Sure, I read Bukowski. He’s good. To me he’s good. I got to be in the right mood, though. Some people hate him. He’s a little rough. But he tells it as he sees it. Told it as he saw it.
I was really into Henry Miller in my 30s, maybe 40s. He’s tougher to read. A lot of French in those Tropic books. He had an extensive vocabulary and I had notebooks filled with words that I didn’t know the meaning of. But I learned. I wrote them down and looked them up. Now I forget. I have no idea where the notebooks are.

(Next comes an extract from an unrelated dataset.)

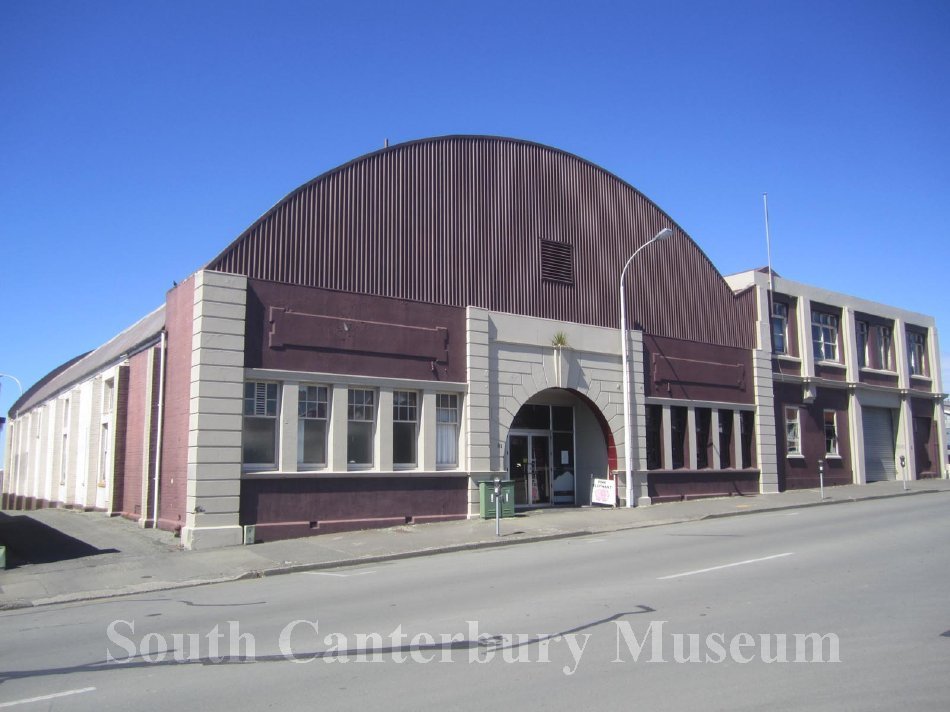 Olympia Theater Roselyn Fauth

I was reading Tropic of Capricorn long ago in a motel in northern New Mexico, I think. It may have been Northern Ireland. It was a gray and blue evening, the dusky sky being the color of a human bruise. I don’t know why, or maybe I just don’t remember, but there was a lot of sadness in that night. I think I was supposed to be somewhere, but I wasn’t there. I probably had let someone down again. Despite myself always being let down by the same others.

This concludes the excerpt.